#### [Task statement]
As the answer, set down the lines below from the one containing "Foldable 8-panel octagonal playpen, black." through the one containing "A box of Teeccino", exactly and inclusively, and no others.

#### [Supplied data]
....
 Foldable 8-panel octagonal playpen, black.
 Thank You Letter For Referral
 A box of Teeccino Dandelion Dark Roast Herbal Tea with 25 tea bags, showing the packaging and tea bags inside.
....
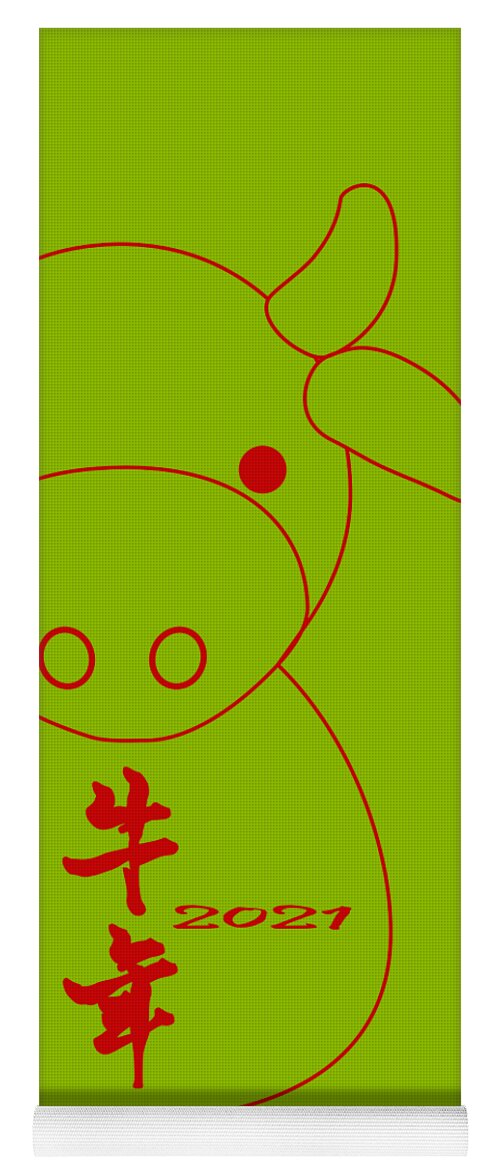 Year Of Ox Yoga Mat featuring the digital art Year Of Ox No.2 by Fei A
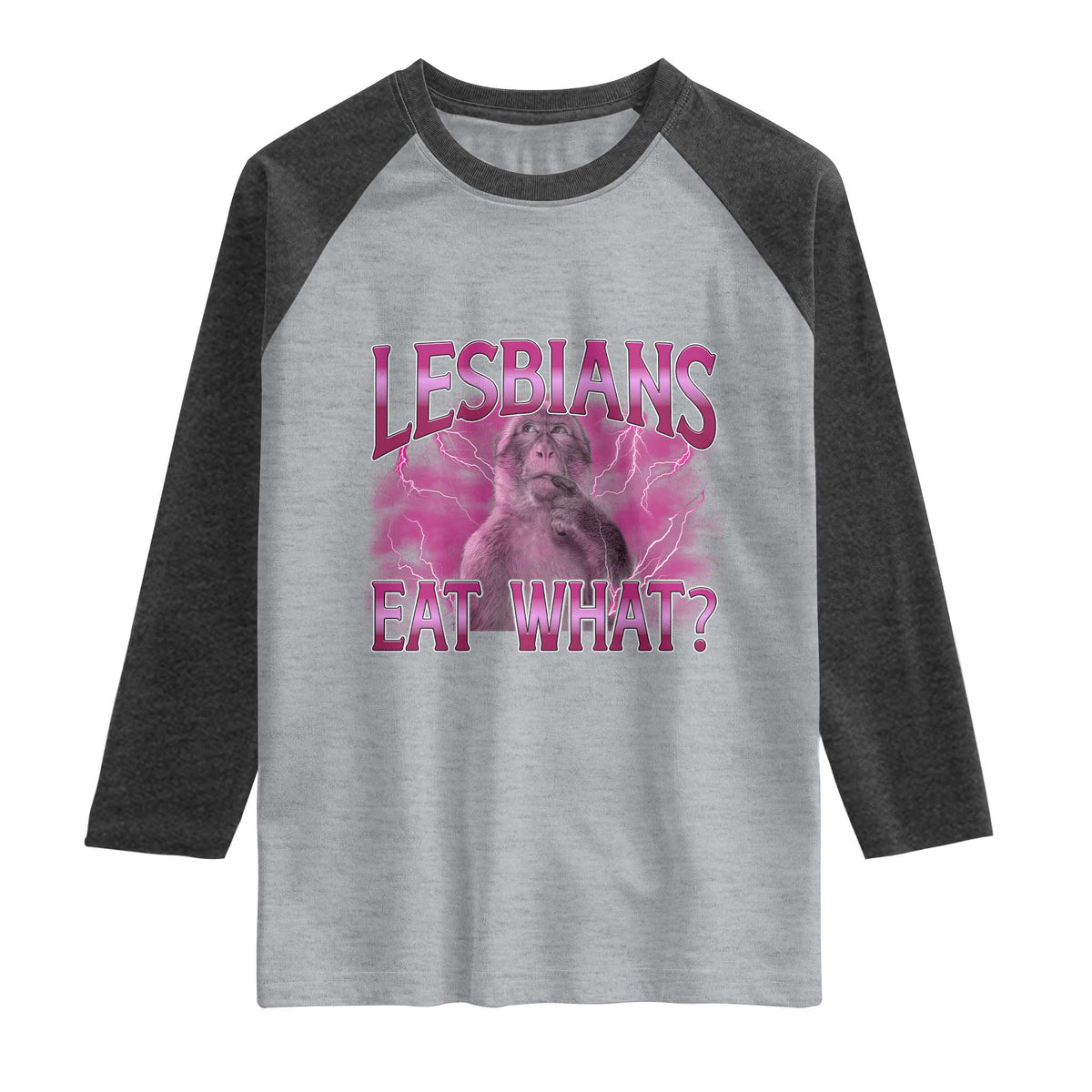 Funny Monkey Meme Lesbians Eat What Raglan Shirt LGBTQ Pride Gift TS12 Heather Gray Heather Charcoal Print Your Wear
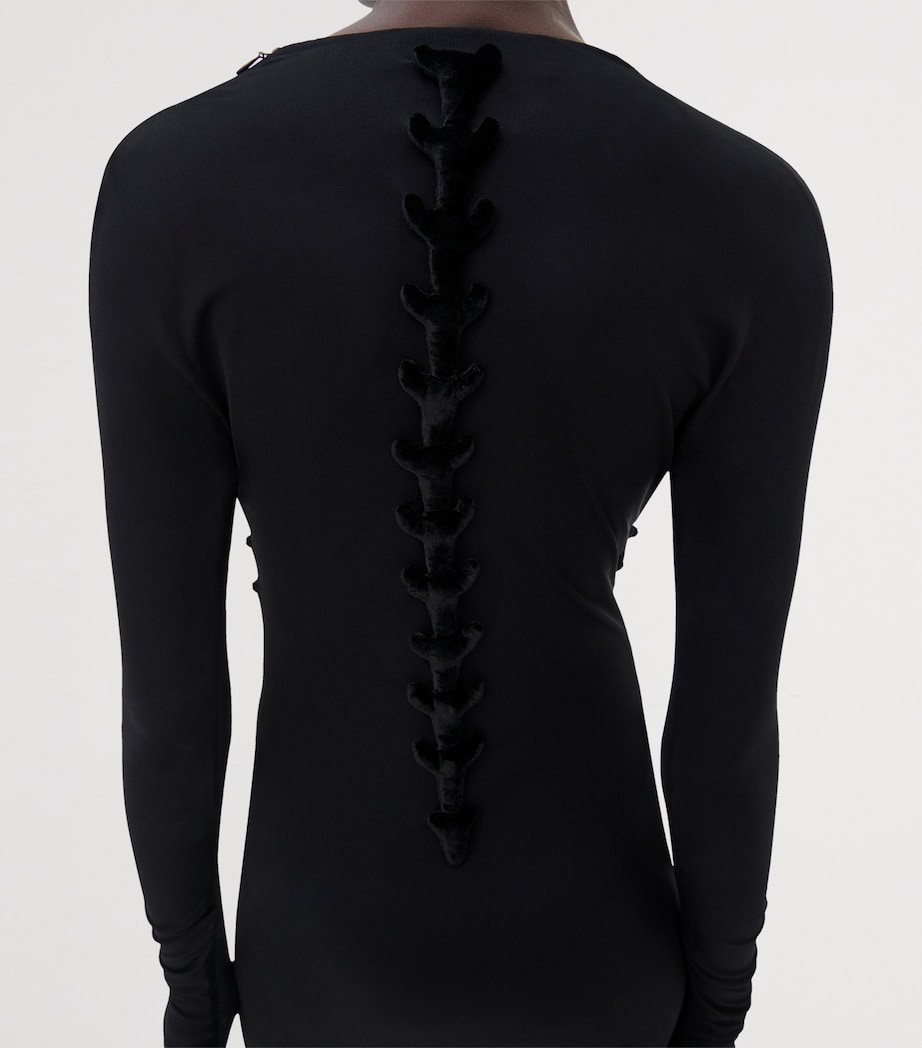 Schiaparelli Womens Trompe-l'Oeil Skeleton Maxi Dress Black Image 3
....
#### [Output for this task]
 Foldable 8-panel octagonal playpen, black.
 Thank You Letter For Referral
 A box of Teeccino Dandelion Dark Roast Herbal Tea with 25 tea bags, showing the packaging and tea bags inside.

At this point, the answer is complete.